Captioned web images:
———

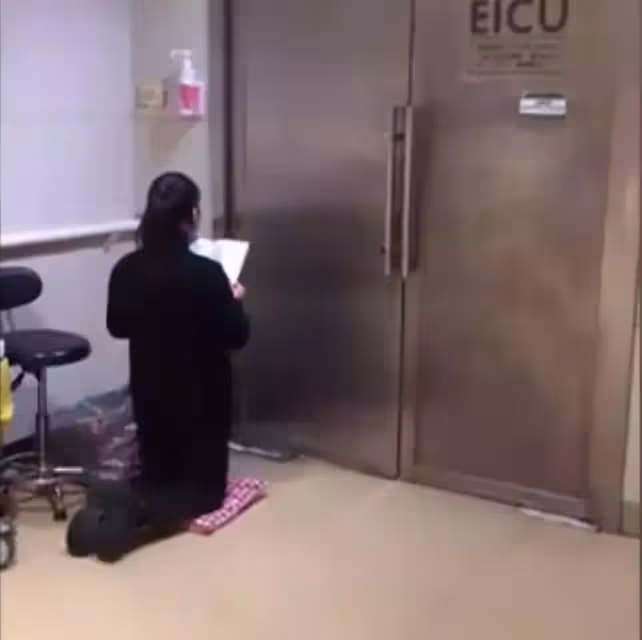 百善孝為先，女子淩晨4點手捧經文，跪在ICU門前為手術母親祈福，拍攝者不忍心送上水：她已經跪了8小時
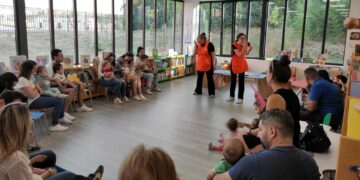 Comienza el programa de animación a la lectura para los más pequeños de Santa Marta con bebecuentos y cuentacuentos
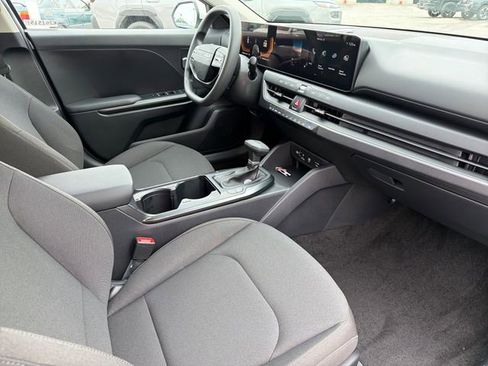 New 2026 Kia K4 LXS FWD image 22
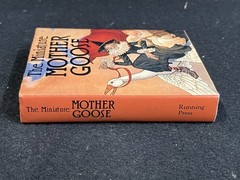 1992 A MINIATURE MOTHER GOOSE, RUNNING PRESS EDITION HARDCOVER DJ, 3.25″ X 2.75″
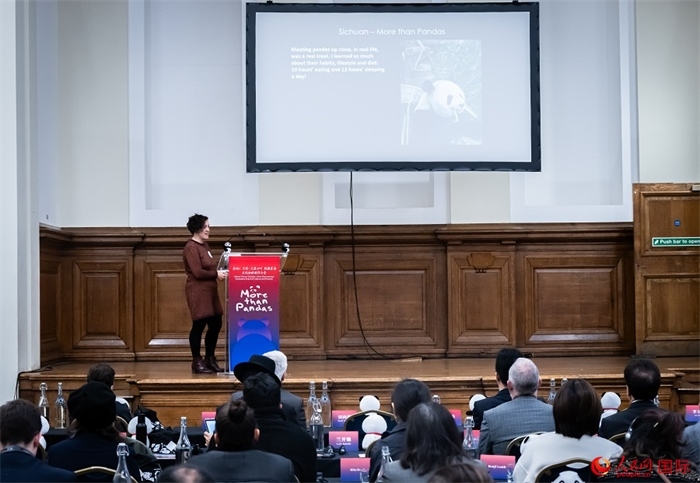 英國旅游達(dá)人瑪麗亞·拉莫爾作來川游歷主題分享。人民網(wǎng) 郭錦標(biāo)攝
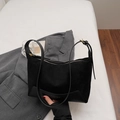 Sac hobo minimaliste en daim noir et cuir avec bandoulière réglable pour style urbain - Noir (Sans Pendentif)
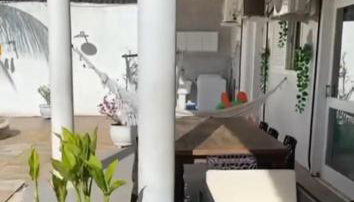 Casa Guarujá Esquina com Beira mar com Piscina grande na Enseada Pé na areia 50 metros - Foto 3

———

## WHAT TO PRODUCE
Where pictures sit among the data above, omit them, and output the rest exactly.

## OUTPUT BELOW
 百善孝為先，女子淩晨4點手捧經文，跪在ICU門前為手術母親祈福，拍攝者不忍心送上水：她已經跪了8小時
 Comienza el programa de animación a la lectura para los más pequeños de Santa Marta con bebecuentos y cuentacuentos
 New 2026 Kia K4 LXS FWD image 22
 1992 A MINIATURE MOTHER GOOSE, RUNNING PRESS EDITION HARDCOVER DJ, 3.25″ X 2.75″
 英國旅游達(dá)人瑪麗亞·拉莫爾作來川游歷主題分享。人民網(wǎng) 郭錦標(biāo)攝
 Sac hobo minimaliste en daim noir et cuir avec bandoulière réglable pour style urbain - Noir (Sans Pendentif)
 Casa Guarujá Esquina com Beira mar com Piscina grande na Enseada Pé na areia 50 metros - Foto 3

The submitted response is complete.